━━ TASK INPUTS ━━
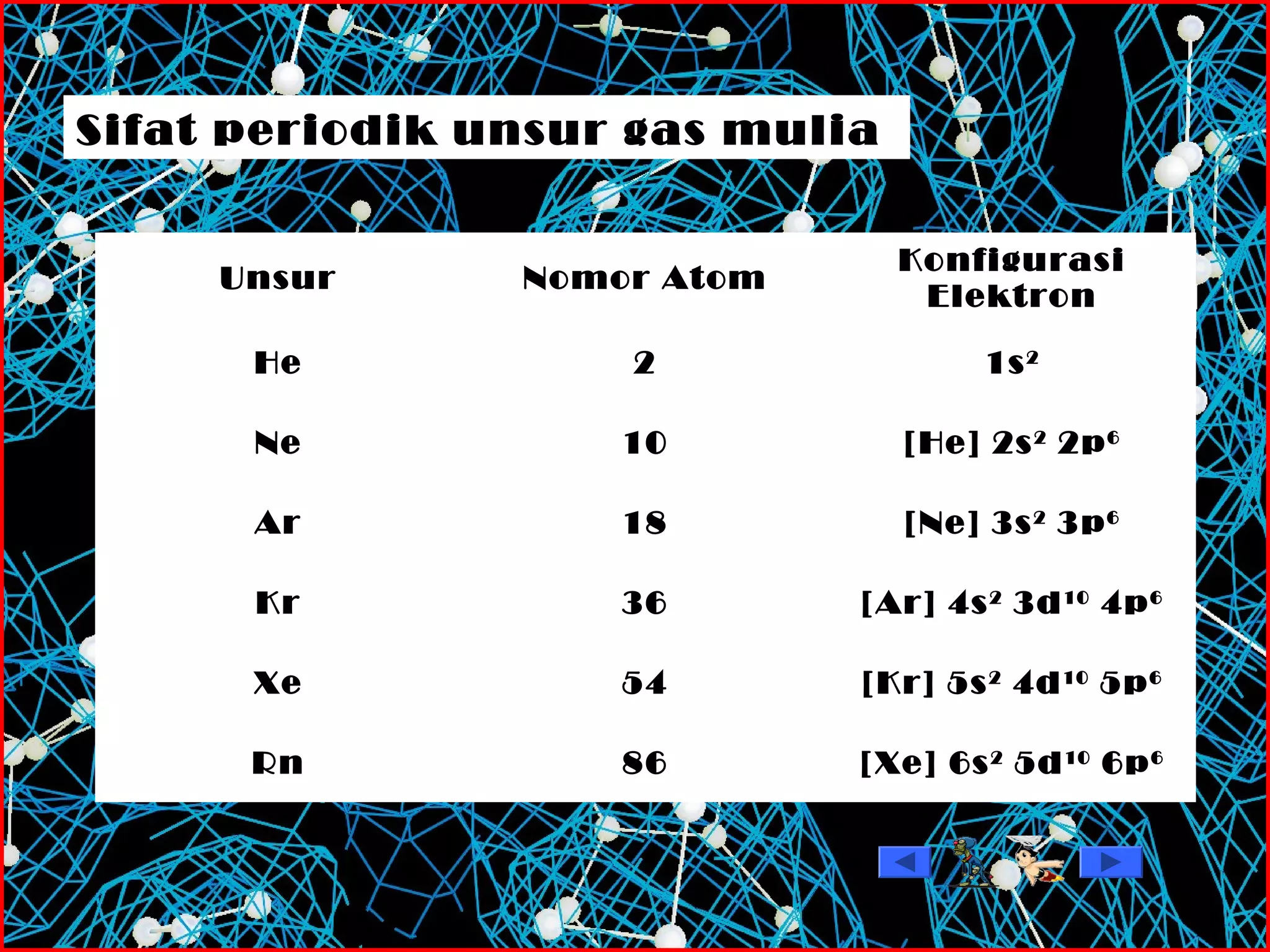 Unsur Nomor Atom
Konfigurasi
Elektron
He 2 1s2
Ne 10 [He] 2s2
2p6
Ar 18 [Ne] 3s2
3p6
Kr 36 [Ar] 4s2
3d10
4p6
Xe 54 [Kr] 5s2
4d10
5p6
Rn 86 [Xe] 6s2
5d10
6p6
Sifat periodik unsur gas mulia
━━━
◆ **ACTIVITY**
Retype the data above exactly. Do not carry over any images.

◆ **RESULT**
 Unsur Nomor Atom
Konfigurasi
Elektron
He 2 1s2
Ne 10 [He] 2s2
2p6
Ar 18 [Ne] 3s2
3p6
Kr 36 [Ar] 4s2
3d10
4p6
Xe 54 [Kr] 5s2
4d10
5p6
Rn 86 [Xe] 6s2
5d10
6p6
Sifat periodik unsur gas mulia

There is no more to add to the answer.